Introduction

Sust Global CSV Dataset Guide

Matt Cooper

Matt Cooper

Created: Jan 1, 2023 - Updated: Aug 20, 2023

This section will go through each risk exposure dataset available for download and explain the methodology behind it. We will also show you how to use and interpret the numbers, which includes a written interpretation of the datasets.

Before Getting Started

Please note that you must change the sections of text in brackets [ ] to suit the specific values, hazards and scenarios you are describing.

What are the CSV datasets?

Comma separated value (CSV) files contain the physical climate risk analysis information from Climate Explorer Dashboard product, which can be used for reporting, risk management and strategic planning needs. Using the CSV files are useful if you would like to use the underlying data to create your own graphs or charts for a report or presentation, to undergo further analysis (such as data aggregations, comparisons between assets etc.) or as an input into your Excel models.

File naming conventions

Here are the descriptions of the naming parameters:

  1. Reporting Data Type {reporting_data_type}: This tells you the risk variable the CSV contains data for: annual_temperature, annual_precipitation, cyclones, extreme_precipitation, fire_risk, flood, heatwaves and drought (SPEI), sea level rise (SLR)
  2. Dataset Name {dataset_name}: This is the name assigned to project or dataset (portfolio) by the customer or Sust Global
  3. Scenario ID {scenarioID}: This tells you which scenario the data within the CSV file was generated under, and it can be either: ssp126 (Strong Mitigation); ssp245 (Middle of the Road); or ssp585 (High Emissions).
  4. Bounds: For some files, this will tell you whether the data presented is the lbd (lower bound, which is the 16th percentile), ubd (upper bound, which is the 84th percentile), or the median (in which case, there will be nothing additional written in the file name at all) outputs from the climate models. The exception is cyclones, which use a different upper and lower bound (+/- 1 standard deviation) and we use the mean, rather than the median, output from the climate models.

Historic risk exposure

The naming convention for the historic risk exposure datasets is as follows: sustglobal_asset_his_risk_{dataset_name}.csv

In these files, each row corresponds to one asset location, and there are individual columns for each month from Jan 2010 to Dec 2020 for Cyclone exposure; each year from 2001 to 2021 for Wildfire; and each year from 2012 to 2021 for Flooding.

Interpretation

The example we are looking at here is called sustglobal_asset_his_risk_MRTG_demo.csv

Fig 14: Historical Risk CSV

M_FIRE_YYYY-MM-DD: This shows the yearly severity values for observed historical wildfires within 1km of an asset. For example, Asset X has a Wildfire historic risk event severity value of [1/0] in [2018]. This means that in [2018], there [was/wasnt] a satellite-observed wildfire within within a 1km radius of asset X.

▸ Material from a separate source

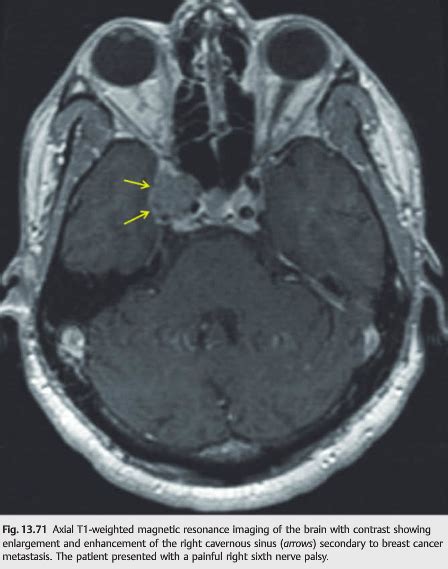 Neuro-ophthalmology Illustrated Chapter 13 – 4 – 6th Nerve Palsy — Neuro-Ophthalmology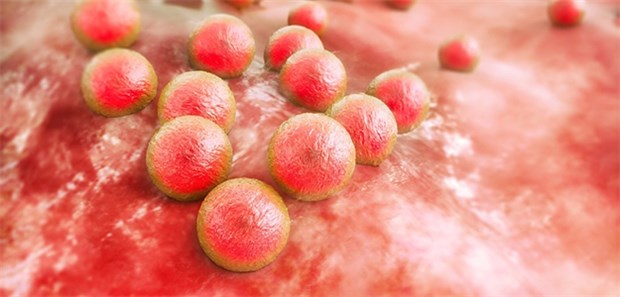 MRSA (Methicillin-resistenter Staphylococcus aureus): Infektionen mit dem Keim kommen zunehmend auch außerhalb von Kliniken vor.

FLOOD_YYYY-MM-DD: This shows the yearly severity values for observed historical inland floods for a specific asset. For example, Asset X has a Flood historic risk event severity value of [1/0] in [2018]. This means that in [2018], there [was/wasnt] a satellite-observed flood at the location of of asset X.

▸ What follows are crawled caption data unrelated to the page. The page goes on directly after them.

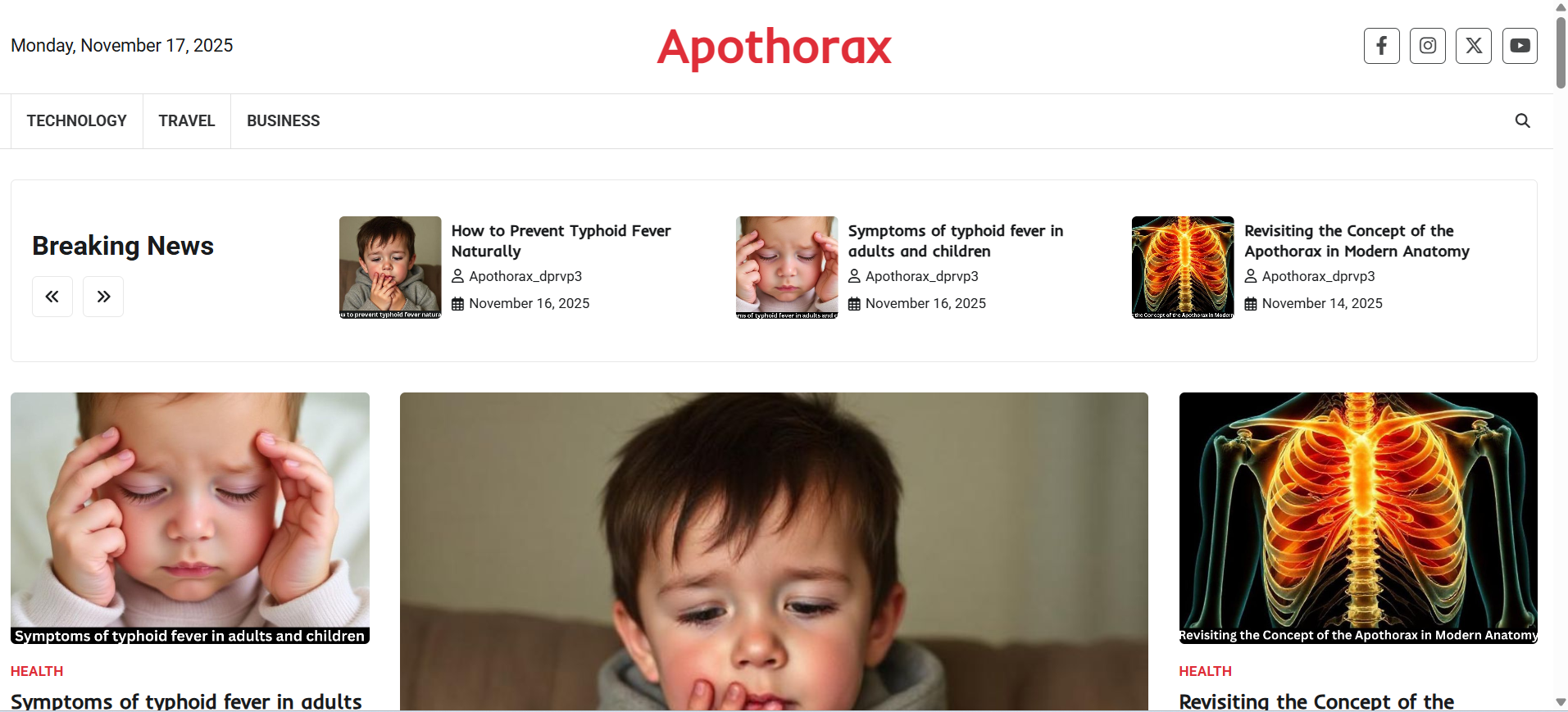 Understanding “Apothorax”: Definition, Location & Key Organs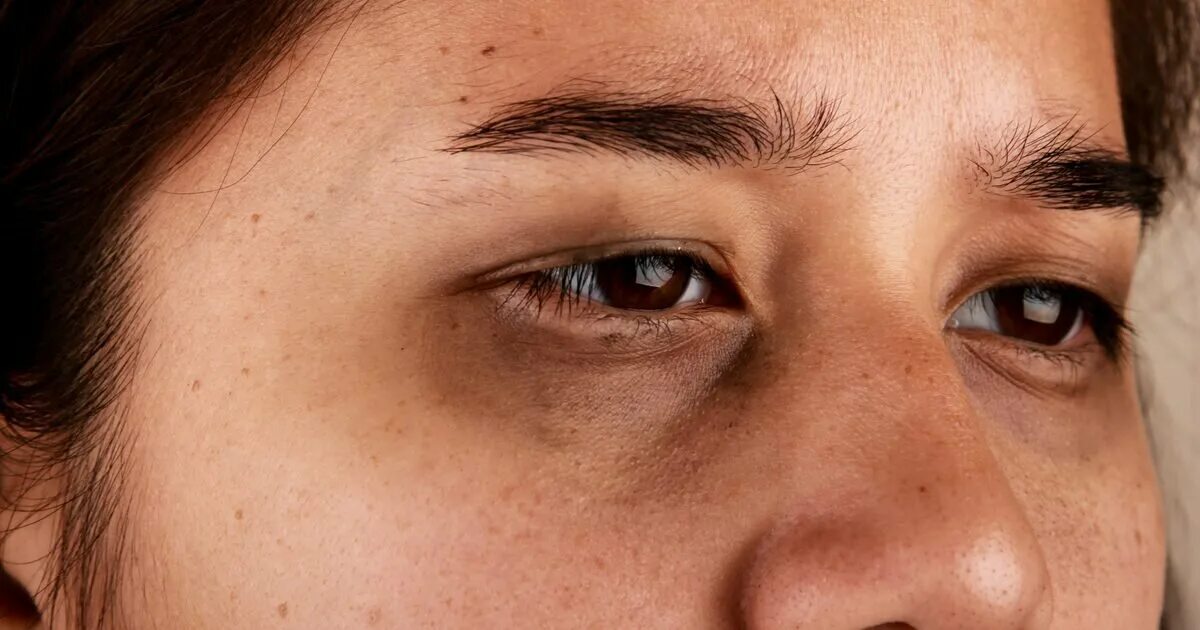 Темные круги под глазами женщин лечение. Периорбитальная гиперпигментация. Круги под глазами. Пигментация вокруг нлаза. Коричневая пигментация вокруг глаз.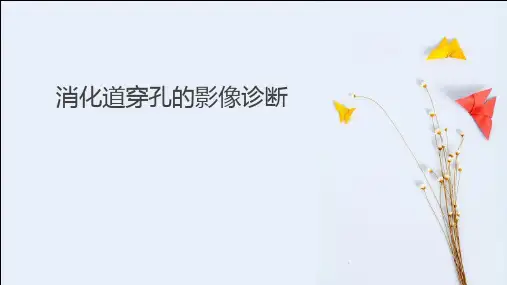 消化道穿孔的影像诊断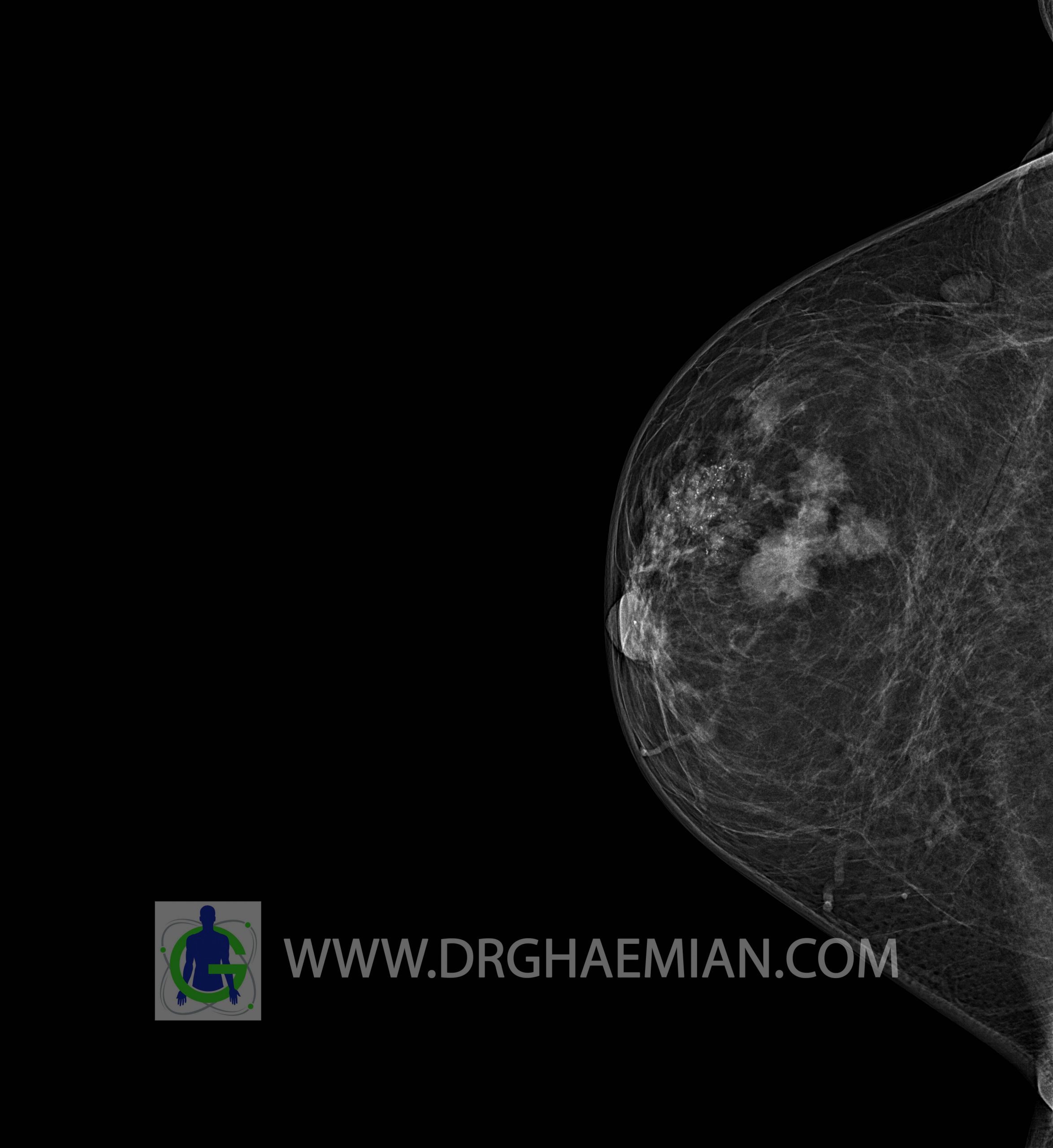 ماموگرافی BI-RADS 4C بیمار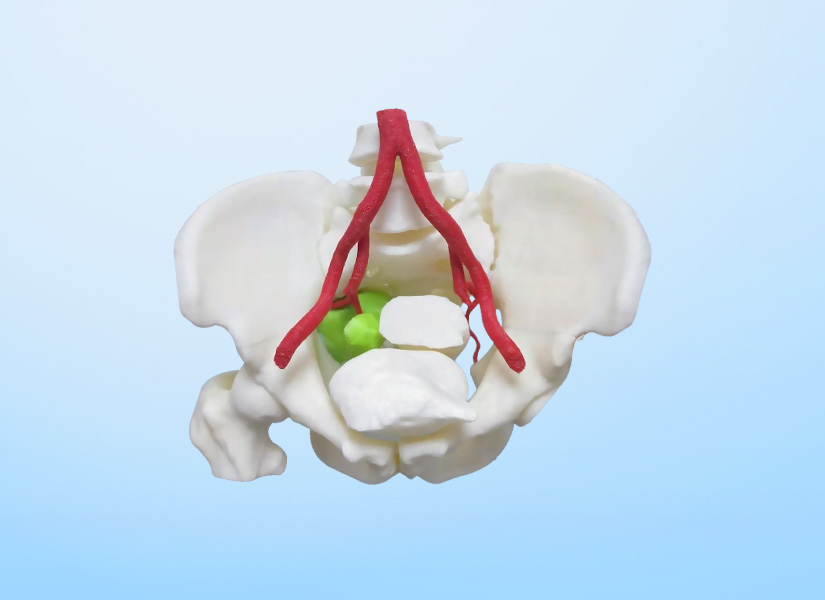 3D打印手术模型利用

CYCLONE_YYYY-MM-DD: This shows the monthly severity values for observed historical cyclones for a specific asset. For example, Asset X has a Cyclone historic risk event severity value of [1] in [Sep 2017]. This means that there was [one] Category 3, 4 or 5 cyclone observed in September 2017 within a 241km radius of Asset X.

Forward looking risk exposure

The naming convention for the CSV files is as follows: sustglobal_asset_fwd_{reporting_data_type}risk{dataset_name}_{scenarioID}. csv In every dataset CSV, each row corresponds to an asset in the data collection. We have columns for the individual asset attributes and a column for each year from 1980 to 2100. The columns for each year contain the projected risk value for a specific asset for a specific year based on the reporting outcomes description. Refer to the User Guide section ‘Uploading a portfolio’ for more information on the input fields, such as lat, lng and address. We will explain each of the output fields in turn below.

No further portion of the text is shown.